His brows were knit as he realised all that she was suffering—this pure, beautiful woman, whom he had once loved so fondly, and whose champion he still remained. He knew that the Crown Prince was a man of brutal instinct, and utterly unsuited as husband of a sweet, refined, gentle woman such as Claire. It was, indeed, a tragedy—a dark tragedy.
In a low voice he inquired what had occurred, but she made no mention of the brutal, cowardly blow which had felled her insensible, cut her lip, and broken her white teeth. She only explained very briefly the incident of the three guests at dinner, and the amazing conversation she had afterwards overheard.
“It is a dastardly plot!” he cried in quick anger. “Why, you are as sane as I am, and yet the Crown Prince, in order to get rid of you, will allow these doctors to certify you as a lunatic! The conspiracy shall be exposed in the press. I will myself expose it!” he declared, clenching his fists.
“No, Carl,” she exclaimed quickly. “I have never done anything against my husband’s interest, nor have I ever made complaint against him. I shall not do so now. Remember, what I have just told you is in strict confidence. The public must not know of it.”
“Then will you actually remain a victim and keep silence, allowing these people to thus misjudge you?” he asked in a tone of reproach.
“To bring opprobrium upon my husband is to bring scandal upon the Court and nation,” was her answer. “I am still Crown Princess, and I have still my duty to perform towards the people.”
“You are a woman of such high ideals, Princess,” he said, accepting her reproof. “Most other wives who have been treated as you have would have sought to retaliate.”
“Why should I? My husband is but the weak-principled puppet of a scandalous Court. It is not his own fault. He is goaded on by those who fear that I may reign as Queen.”
“Few women would regard him in such a very generous light,” Leitolf remarked, still stunned by the latest plot which she had revealed. If there was an ingenious conspiracy to confine her in an asylum, then surely it would be an easy matter for the very fact of her flight to be misconstrued into insanity. They would tear her child from her, and imprison her, despairing and brokenhearted. The thought of it goaded him to desperation. She told him of her intention of returning to her father, the Archduke Charles, and of living in future in her old home at Wartenstein—that magnificent castle of which they both had such pleasant recollections.

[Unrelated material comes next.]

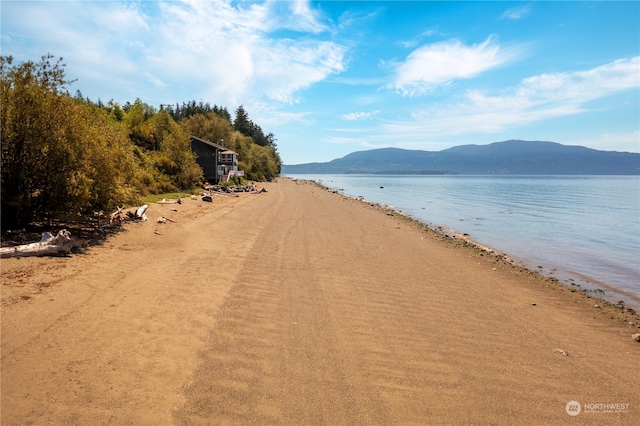 view of water feature featuring a view of the beach and a mountain view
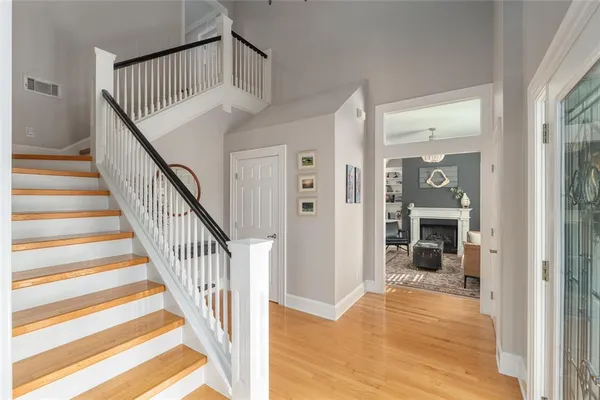 a view of a hallway with wooden floor and entryway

“And I shall be in Rome,” he sighed. “Ah, Princess, I shall often think of you, often and often.”
“Never write to me, I beg of you, Carl,” she said apprehensively. “Your letter might fall into other hands, and certainly would be misunderstood. The world at large does not believe in platonic friendship between man and woman, remember.”
“True,” he murmured. “That is why they say that you and I are still lovers, which is a foul and abominable lie.” Their eyes met, and she saw a deep, earnest look in his face that told her that he was thinking still of those days long ago, and of that giddy intoxication of heart and sense which belongs to the novelty of passion which we feel once, and but once, in our lives.
At that moment the train came to a standstill at the little station of Gratzen, and, unnoticed by them, a man passed the carriage and peered in inquisitively. He was a thick-set, grey-bearded, hard-faced German, somewhat round-shouldered, rather badly dressed, who, leaning heavily upon his stick, walked with the air of an invalid.
He afterwards turned quickly upon his heel and again limped past, gazing in, so as to satisfy himself that he was not mistaken.
Then entering a compartment at the rear of the train the old fellow resumed his journey, smiling to himself, and stroking his beard with his thin, bony hand, as though he had made a very valuable discovery and yet was puzzled.